Absalom, Absalom! by William Faulkner

READERS GUIDE

The questions, discussion topics, and author biography that follow are designed to enhance your group’s reading of three of William Faulkner’s greatest novels: The Sound and the Fury, As I Lay Dying, and Absalom, Absalom! We hope that they will provide you with new ways of thinking and talking about three works that stand as major landmarks in the history of modern American literature, works that exemplify Faulkner’s bold stylistic and formal innovations, his creation of unforgettably powerful voices and characters, and his brilliant insight into the psychological, economic, and social realities of life in the South in the transition from the Civil War to the modern era. In their intellectual and aesthetic richness, these novels raise nearly endless possibilities for discussion. The questions below will necessarily be limited and are meant to open several, but certainly not all, areas of inquiry for your reading group.

Introduction

When he completed Absalom, Absalom! in May 1936, Faulkner said, “I think it’s the best novel yet written by an American.” He described it as “the story of a man who wanted a son through pride, and got too many of them and they destroyed him.” It is the epic tale of Thomas Sutpen, who grows up as a dirt-poor boy in backwoods Appalachia and has his first glimpse of social hierarchy when his family moves to a plantation in Tidewater Virginia. One day he goes to the mansion’s front door, carrying a message, and is told by a slave wearing the master’s livery that he must go around to the back door. This experience has a searing effect on the boy’s consciousness. From that moment forward, he sets in motion his grand design: to become, at any cost, a man of wealth and power. He goes to colonial Haiti and marries the daughter of a plantation owner he has saved from death during the slave revolt there, but he abandons his wife and newborn son, Charles Bon, when he learns that his wife has a strain of Negro blood. In 1833 he arrives in Mississippi with a gang of Haitian slaves, cheats a Chickasaw Indian out of a hundred square miles of land, and begins with a ruthless and fanatical determination to build a mansion in the wilderness, to carve out a plantation, to gather wealth, to acquire a second wife and forge a dynasty that will carry on his name. But the son he left behind returns to haunt him. At the university Charles Bon becomes the best friend of Henry, the son of Sutpen’s second marriage, and eventually Henry kills Charles in order to prevent him from marrying their sister Judith. Henry repudiates his father and flees; ultimately Sutpen, with his plantation in ruins after the Civil War, is reduced to selling trinkets in a backwoods general store. After his plan to breed yet a third family with the sister of his dead wife fails, Sutpen impregnates the teenage daughter of a poor white man, who kills him with a scythe when he insults the girl because she has given birth to a daughter. In an ironic coda to Sutpen’s dream of dynastic grandeur, the only descendant who survives to carry on the Sutpen blood is the grandson of Charles Bon, another of Faulkner’s “idiots.”
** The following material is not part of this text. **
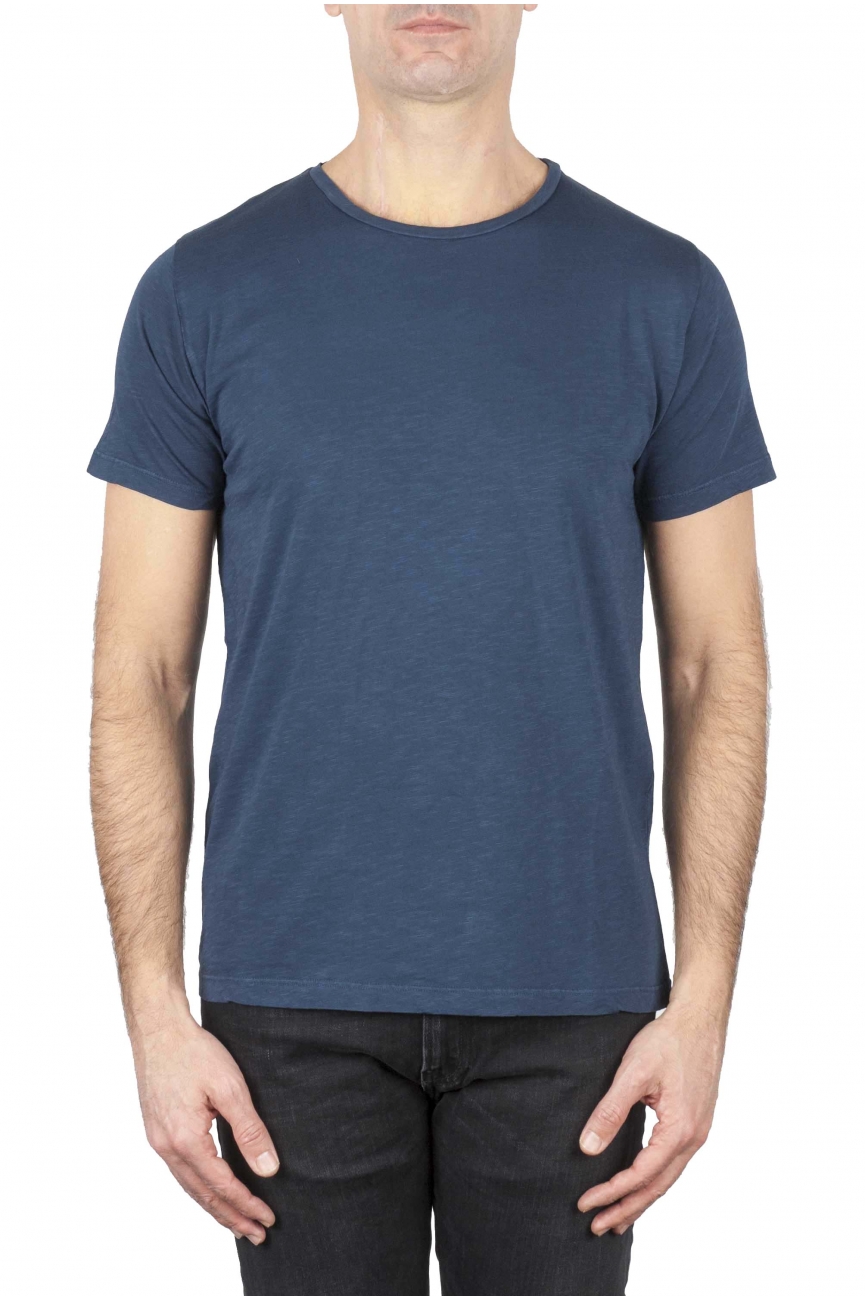 SBU 01648 T-shirt à col rond en coton flammé bleu 01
While it is the most challenging of Faulkner’s works, Absalom, Absalom! also contains the most mature and profound examination of his greatest themes: the South’s mixture of horror and pride in its own history, the interrelationship of incest and miscegenation, the tragic legacy of slavery, and, as always at the heart of it all, the family drama.

Questions and Topics for Discussion

1. Any reader bewildered by the opening pages of Absalom, Absalom! will realize immediately that its greatest challenge lies in its complex narrative structure, and as with The Sound and the Fury and As I Lay Dying, you must learn how to read it as you go. How many narrators are there, and what is their relationship to one another? What are the sources of their authority as tellers of the Sutpen story? What, so far as you can make out, “happened,” as opposed to what is conjectured by the various narrators? Why might Faulkner have chosen such a challenging narrative form, despite the difficulties it presents for his readers?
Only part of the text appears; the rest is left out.